Neustar — the Sterling-based company that for 17 years has held an exclusive government contract to provide the technology that enables U.S. cellphone users to keep their numbers when they switch carriers — is in danger of losing the work to a rival bidder.

Neustar’s contract to provide “number portability,” which must be approved by the Federal Communications Commission, is slated to expire next June. Neustar and rival bidder Telcordia, a unit of the Swedish telecom giant Ericsson, have been fighting over the contract for months.

On Monday, the FCC said a panel that advises the agency about number-portability issues recommended that the FCC award the contract to Telcordia.

Members of the North American Numbering Council “unanimously reached this recommendation, with one abstention vote, in a closed meeting on March 26, 2014,” an FCC filing said. The contract is a critical part of Neustar’s business, and losing it would severely cut into its revenue. In 2013, the contract was valued at $450 million, nearly half of the company’s 2013 revenue of $902 million. Neustar, which has about 1,600 employees globally, including nearly 800 in the Washington area, was founded in 1996, primarily to provide number-portability services. Neustar has had the contract renewed, uncontested, until now.

Telcordia provides number-portability services in India.

Word of the recommendation was leaked Friday, when an e-mail alluding to the decision was inadvertently posted on an FCC Web site, a disclosure Neustar called troubling.

An FCC spokesman declined to comment on the release of the e-mail, saying the agency is seeking public comment on the recommendation.

Joel Fisher, a spokesman for Telcordia, said the company is pleased that the council has recommended Telcordia to serve as the next vendor for number portability.

“That such a diverse group of industry and consumer representatives is urging the FCC to select Telcordia shows their confidence in our ability to be an exceptional partner,” Fisher said in a statement.
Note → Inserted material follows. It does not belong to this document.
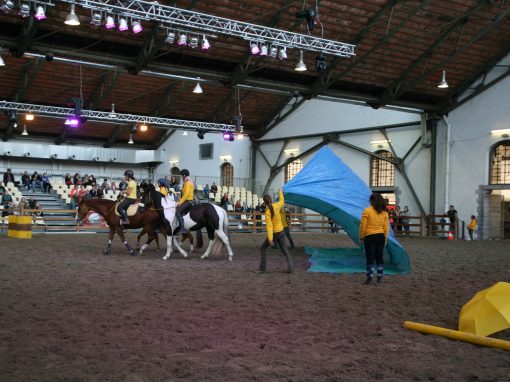 Brussels Horse Days 2016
Neustar  shares fell Monday 8.4 percent, to $24.43, after word of the group’s recommendation became public.

“The [council’s] recommendation is by no means the end of the process,” Neustar said in a statement Monday morning. “Neustar intends to continue to compete vigorously in the [number portability] vendor selection process, and to advocate strongly that we are the logical choice to remain as administrator.”